Could you give back every entry below exactly, with the pictures dropped?
*** MATERIAL FOR THIS TASK Section Begins ***
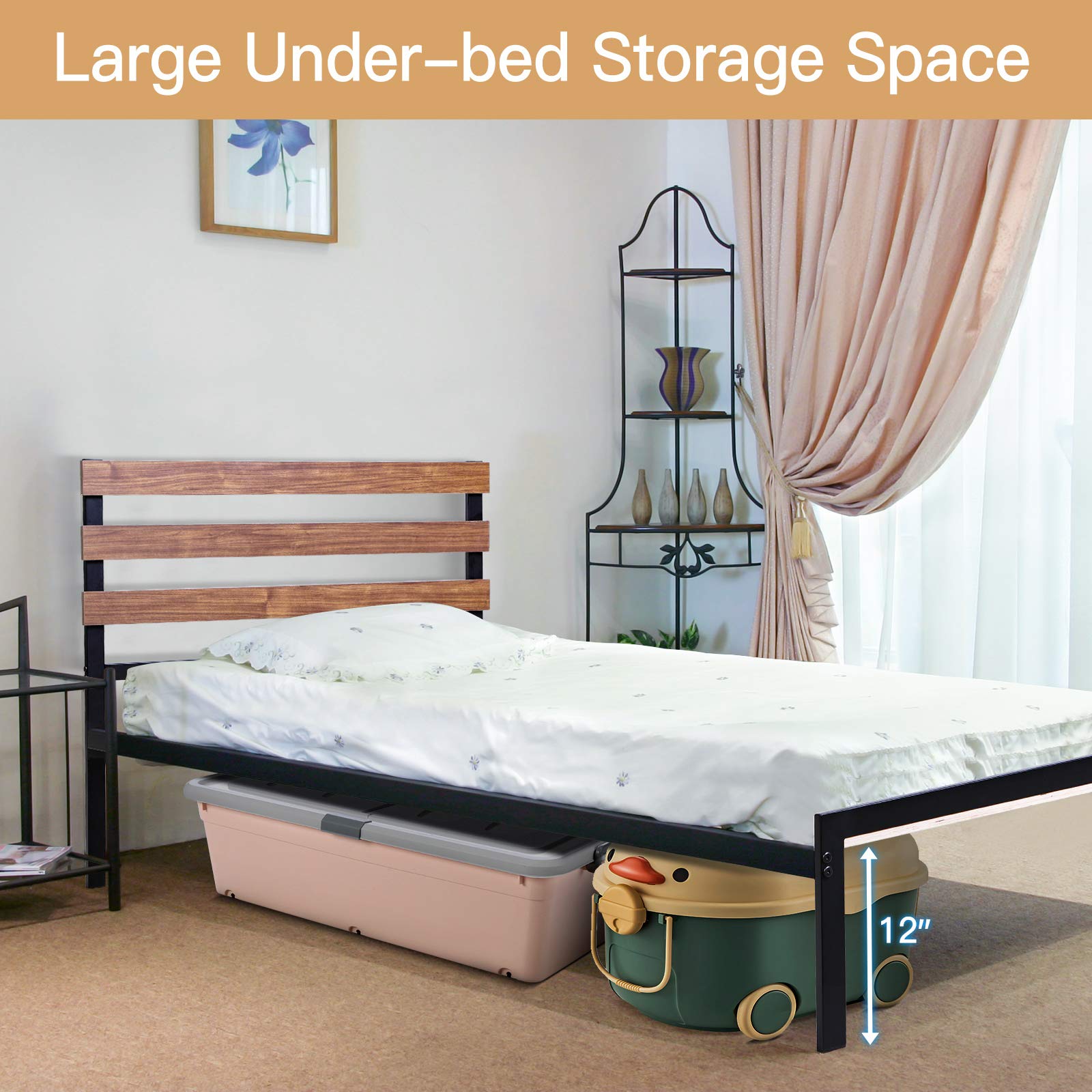 **Giantex Twin Size Metal Bed Frame with Headboard - Heavy Duty Platform Bed, Wooden Slat Support & Under Bed Storage - No Box Spring Needed, Easy Assembly - Perfect for Small Spaces, Kids Rooms & Guest Bedrooms**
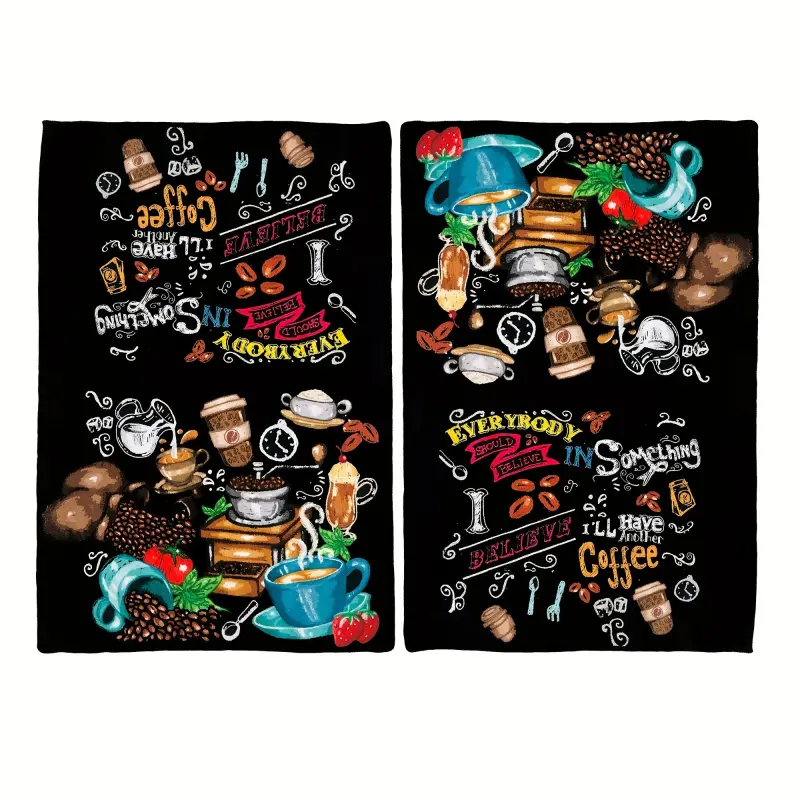 2-Piece Kitchen Towel Set, Kitchen Hand Towels, Dishes Towels, Tea Towels, Dishcloths for Cooking, Baking, Home, Barista, Cafe Decor - 24x16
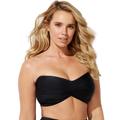 Plus Size Women's Valentine Ruched Bandeau Bikini Top by Swimsuits For All in Black (Size 28)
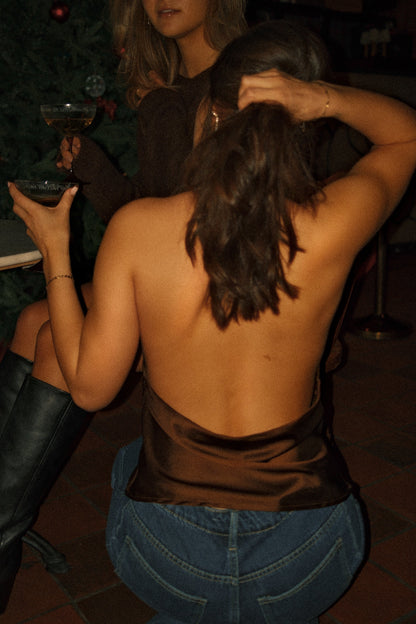 TOP DA FESTA IN RASO MARRONE ELEGANTE DA DONNA-Modaso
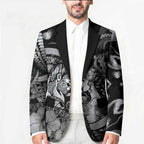 Personalised Maori Romantic Valentine Blazer The Hongi Kiss Black Galaxy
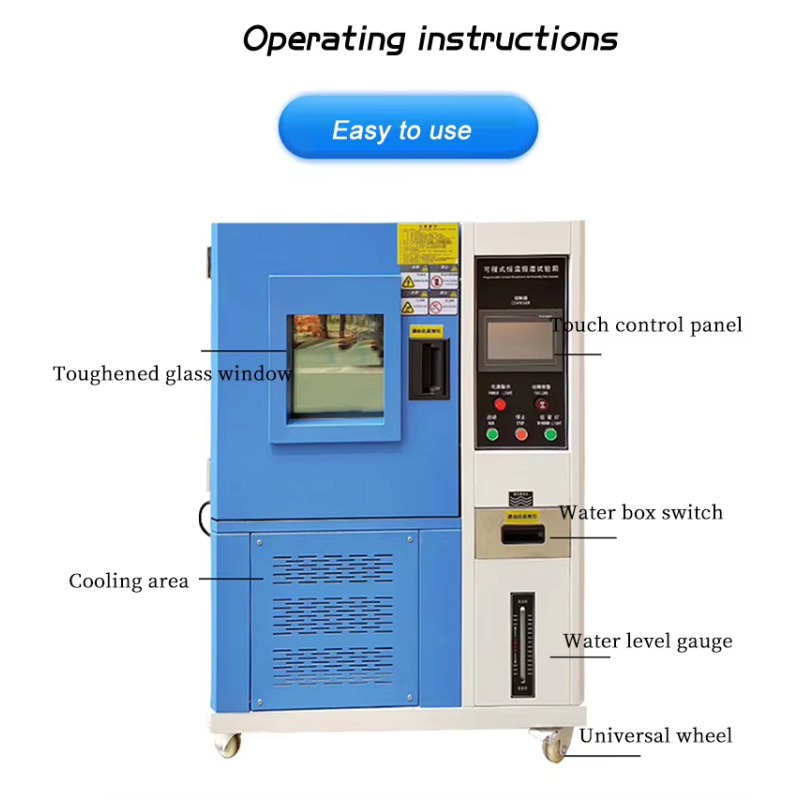 Stainless Steel Ozone Aging Test Chamber with 50~1000 pphm Ozone Concentration and Programmable Touch Screen Controller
*** MATERIAL FOR THIS TASK Section Ends ***
__SOLVED PROBLEM__.
 **Giantex Twin Size Metal Bed Frame with Headboard - Heavy Duty Platform Bed, Wooden Slat Support & Under Bed Storage - No Box Spring Needed, Easy Assembly - Perfect for Small Spaces, Kids Rooms & Guest Bedrooms**
 2-Piece Kitchen Towel Set, Kitchen Hand Towels, Dishes Towels, Tea Towels, Dishcloths for Cooking, Baking, Home, Barista, Cafe Decor - 24x16
 Plus Size Women's Valentine Ruched Bandeau Bikini Top by Swimsuits For All in Black (Size 28)
 TOP DA FESTA IN RASO MARRONE ELEGANTE DA DONNA-Modaso
 Personalised Maori Romantic Valentine Blazer The Hongi Kiss Black Galaxy
 Stainless Steel Ozone Aging Test Chamber with 50~1000 pphm Ozone Concentration and Programmable Touch Screen Controller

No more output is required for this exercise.